[GIT PULL] Btrfs updates for 6.1

From: David Sterba
Date: Tue Oct 04 2022 - 02:37:08 EST


Hi,

please pull the following updates for btrfs. There's a bunch of
performance improvements, most notably the FIEMAP speedup, the new block
group tree to speed up mount on large filesystems, more io_uring
integration, some sysfs exports and the usual fixes and core updates.

Thanks.

---

Performance:

- outstanding FIEMAP speed improvement
- algorithmic change how extents are enumerated leads to orders of
magnitude speed boost (uncached and cached)
- extent sharing check speedup (2.2x uncached, 3x cached)
- add more cancellation points, allowing to interrupt seeking in files
with large number of extents
- more efficient hole and data seeking (4x uncached, 1.3x cached)
- sample results:
256M, 32K extents: 4s -> 29ms (~150x)
512M, 64K extents: 30s -> 59ms (~550x)
1G, 128K extents: 225s -> 120ms (~1800x)

- improved inode logging, especially for directories (on dbench workload
throughput +25%, max latency -21%)

- improved buffered IO, remove redundant extent state tracking, lowering
memory consumption and avoiding rb tree traversal

- add sysfs tunable to let qgroup temporarily skip exact accounting when
deleting snapshot, leading to a speedup but requiring a rescan after
that, will be used by snapper

- support io_uring and buffered writes, until now it was just for direct
IO, with the no-wait semantics implemented in the buffered write path
it now works and leads to speed improvement in IOPS (2x), throughput
(2.2x), latency (depends, 2x to 150x)

- small performance improvements when dropping and searching for extent
maps as well as when flushing delalloc in COW mode (throughput +5MB/s)

User visible changes:

- new incompatible feature block-group-tree adding a dedicated tree for
tracking block groups, this allows a much faster load during mount and
avoids seeking unlike when it's scattered in the extent tree items
- this reduces mount time for many-terabyte sized filesystems
- conversion tool will be provided so existing filesystem can also be
updated in place
- to reduce test matrix and feature combinations requires no-holes
and free-space-tree (mkfs defaults since 5.15)

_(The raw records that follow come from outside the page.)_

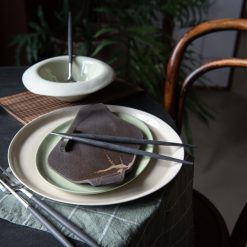 Alternative view of Middag servise, Furufrisk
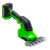 Ножницы-кусторез Greenworks G24SHT 24V аккумуляторные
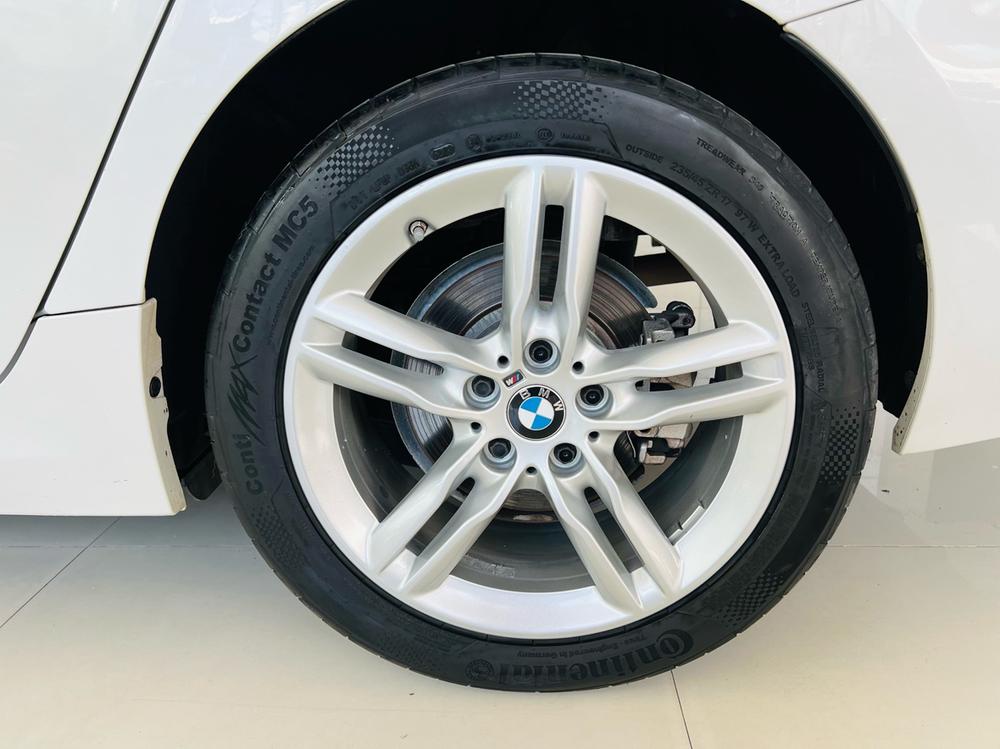 BMW BMW 1-Series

- improved reporting of super block corruption detected by scrub

- scrub also tries to repair super block and does not wait until next
commit

- discard stats and tunables are exported in sysfs
(/sys/fs/btrfs/FSID/discard)

- qgroup status is exported in sysfs (/sys/sys/fs/btrfs/FSID/qgroups/)

- verify that super block was not modified when thawing filesystem

Fixes:

- FIEMAP fixes
- fix extent sharing status, does not depend on the cached status where
merged
- flush delalloc so compressed extents are reported correctly

- fix alignment of VMA for memory mapped files on THP

- send: fix failures when processing inodes with no links (orphan files
and directories)

- fix race between quota enable and quota rescan ioctl

- handle more corner cases for read-only compat feature verification

- fix missed extent on fsync after dropping extent maps

Core:

- lockdep annotations to validate various transactions states and state
transitions

- preliminary support for fs-verity in send

- more effective memory use in scrub for subpage where sector is smaller
than page

- block group caching progress logic has been removed, load is now
synchronous

- simplify end IO callbacks and bio handling, use chained bios instead
of own tracking

- add no-wait semantics to several functions (tree search, nocow,
flushing, buffered write

- cleanups and refactoring

MM changes:

- export balance_dirty_pages_ratelimited_flags

----------------------------------------------------------------
The following changes since commit f76349cf41451c5c42a99f18a9163377e4b364ff:

Linux 6.0-rc7 (2022-09-25 14:01:02 -0700)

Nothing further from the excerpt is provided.